For instance, with a binary point exposure \(A\), an (absolutely) continuous outcome \(Y\), and pre-exposure stratification variable \(X\), one can define the probability of tiered benefit, given cutoffs \(c=\{c_k\}_{k=1}^{K-1}\), as: \[ \operatorname{PB}_c(x) = \sum_{k=1}^{K-1}\mathbb{P}(Y^0\in (c_{k-1},c_k],Y^1>c_k\,|\,X=x). \]

Figure: The probability of tiered benefit with a continuous outcome is the volume under the joint PDF of potential outcomes \((Y^0,Y^1)|X=x\) enclosed above the benefit region (gray area): (a) \(K=3\), (b) \(K=4\).

Under strong monotonicity, i.e. \(\mathbb{P}(Y^1-Y^0\geq 0\,|\,X=x)\in\{0,1\}\), this parameter is point identified when \(K=2\) provided \(P(Y\,|\,X,\operatorname{do}(A=a))\) is identified. For \(K\geq 3\), monotonicity is insufficient and additional shape constraints are needed –or a shift to a partial identification strategy.

I investigate how shape constraints can yield informative bounds for such counterfactuals (including instrumental variables settings) and how to estimate them efficiently, noting that extremum-type functionals often lead to nonregular estimators.

Research questions:

  • When do shape constraints deliver tighter or more interpretable bounds than optimal transport (OT) relaxations and other techniques?
  • How can we design TMLE estimators for extremum (nonregular) functionals that remain stable and provide valid inference?

Papers:

  • de Aguas, Krumscheid, Pensar, Biele (2025).
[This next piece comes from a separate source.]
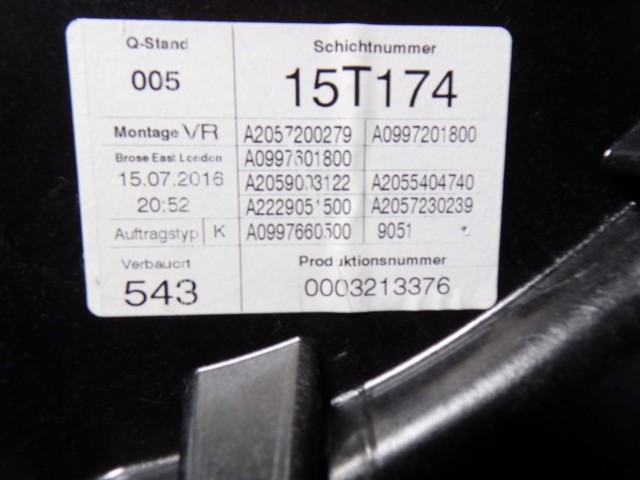  Mercedes A0997660500 ціна, від 2.53 USD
The probability of tiered benefit: Partial identification with robust and stable inference. CLeaR proceedings.

Econometric analysis of regional and network drivers of development.
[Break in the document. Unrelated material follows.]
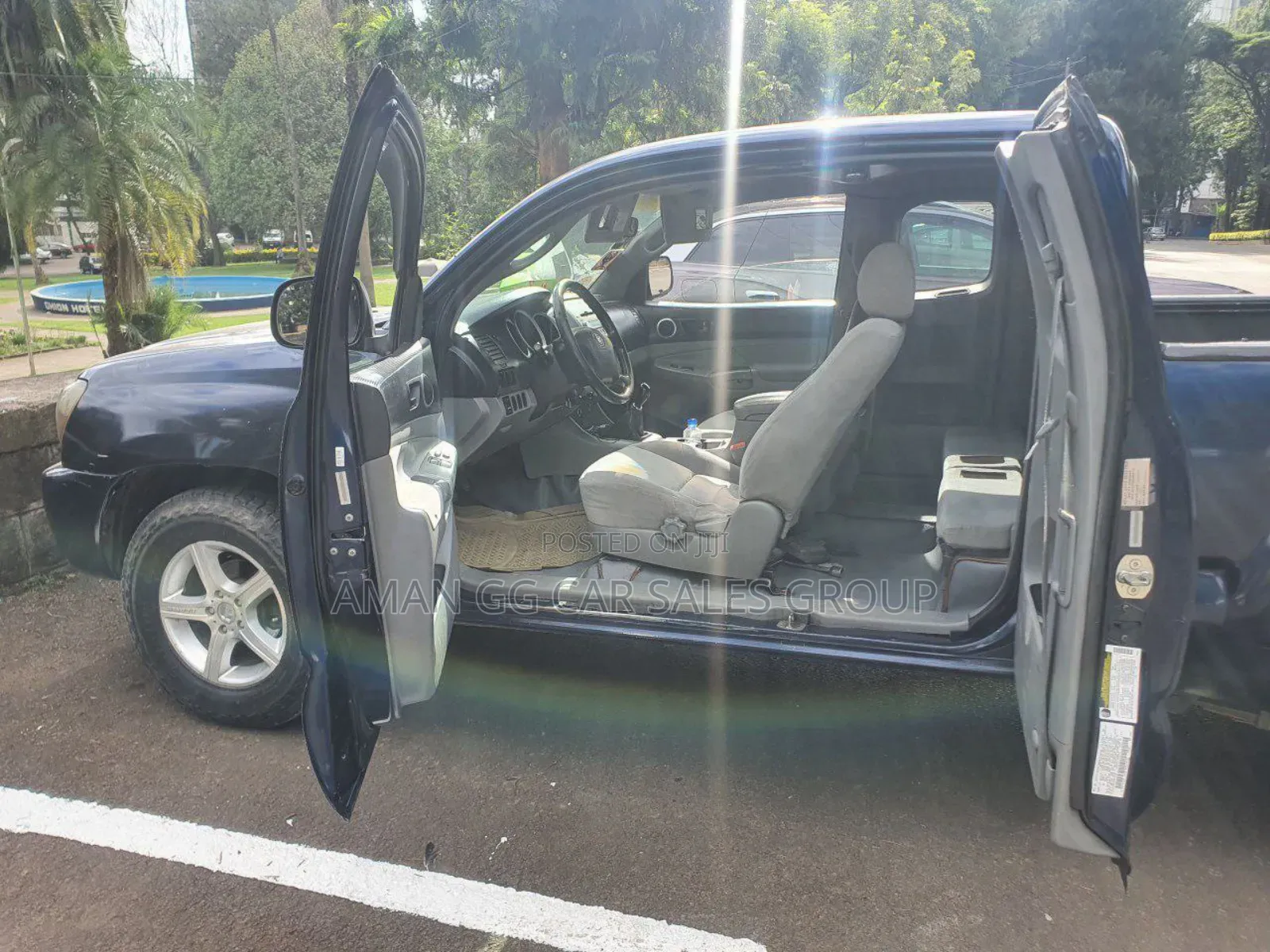 Toyota Tacoma 2006 Blue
I work at the intersection of econometrics, networks, financial economics, and regional development; often translating analyses into interactive tools. Selected projects include:

  • Belief and participation cycles in equity markets: analyzed entry–exit dynamics where belief cycles drive participation cycles (Shinny app).
  • Asset prices and portfolio choice in OLG models: studied asset-price and portfolio-choice dynamics in overlapping-generations settings; built an interactive visualization (Shinny app).
  • US-Latin America trade flows: measured and visualized bilateral trade exposure and dynamics (Shinny app).
  • Regional competitiveness in Colombia: constructed and benchmarked competitiveness indices for Colombian departments (Shinny app).
  • Network and peer effects in sustainable agriculture: used game-theoretic models to study regional adoption and contagion processes (Master’s thesis).